I’ve also broken up with my fair share of jobs. Usually right after I started making a really decent living, because I was subconsciously committed to the idea that I didn’t like rich people, but that’s a subject for another post.
I’ve also been broken up with graciously, outright dumped, and unceremoniously laid off. So I know break-ups. I know how wrenching they can be, even the ones where it’s a total relief to be done. And so I’m feeling extra empathic lately for nearly all of my clients, as most of them are either contemplating or going through breakups of their own—husbands, family members, jobs.
While the topic of breaking up is so fresh on my mind, I want to get my overarching thoughts about them down on paper and send them out in to the world. Because I know if a few people I directly know are all going through the same thing, there are countless more who are also in the thick of it. Here goes.
Whenever you are wondering should I stay or should I go, the most important question you can ask yourself is, what is the most loving thing to do? It’s not, what’s the best way to get my own way? Or exact my revenge? Or make them see how much they’ll be missing when I’m gone? It’s not a battle or a chess game. It’s an opportunity to get in touch with what’s true for you, to communicate that to the person or people you’re relating to at whatever level feels right to you, and taking actions that are aligned with that truth.
Some people out there advocate a more sweeping approach – if you’re not feeling supported and loved, cut it off definitively and figure it out from there. Honestly, sometimes that’s the only option available if the person you’re considering breaking up with just won’t engage with you at all.
But most of the time, I advocate small steps. (Even as a kid, I never once dove in to the deep end of a cold pool – I went in literally one step at a time, pausing long enough to let my body acclimate to the slowly rising water.) I first counsel people to show up differently—letting their true thoughts fly and taking actions that feel right despite how they might be perceived by others.
Though this approach is gradual, it absolutely creates changes in your situation.

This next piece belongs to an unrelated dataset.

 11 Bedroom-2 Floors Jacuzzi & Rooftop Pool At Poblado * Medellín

By sharing how you’re truly feeling, setting better boundaries, being steadfast in your efforts to take care of your own needs, you will raise your energy level. And energy is magnetic. Think of Bill Clinton walking in to a room and everybody turning their head to get a look at him. When you raise your energy—go from feeling miserable and put upon to empowered and grateful for every lesson this situation is helping you learn—you make it possible for the people who spend time with you to do the same. Your actions will model a different way for them and how it feels to be in your presence will create an opening in their mind. Somewhere deep in their mind, they’ll think, “Hey, I could change how it feels to be in my own presence too.”
Energy is also mercurial. It can repel or attract. You can’t predict how it will affect someone else. They may see and feel the changes you’re making and be repelled. Which may not be the happy outcome you’re hoping for, but hey, you’ll have your answer: This person or situation is not right for the long haul.

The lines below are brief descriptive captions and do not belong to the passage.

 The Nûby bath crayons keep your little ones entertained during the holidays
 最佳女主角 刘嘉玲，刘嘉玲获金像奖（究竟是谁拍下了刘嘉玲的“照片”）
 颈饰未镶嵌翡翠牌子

Should you decide to stay where you are, just be sure you’re not doing it because you’re afraid you won’t find anything at least as good to take its place. That’s fear talking, and fear is always interested in your staying small and stuck. Make the most loving decision you could make and the universe will have your back. Help will show up in the most unlikely ways at precisely the right time.
(For more help figuring out whether you’re making decisions from love or fear, download this handout. It’s a tool I use frequently to help with big choices of all kinds.)
Bottom line is this: The universe is a loving and abundant place. If you’ve tried the gradual approach, or you know in your bones that there’s no happy future for you here, there is most definitely another relationship waiting for you, one that’s better suited to who you truly are and where you are now. No question.
If you don’t believe that fact now, know that I believe it 110%. Borrow my faith until you have your own.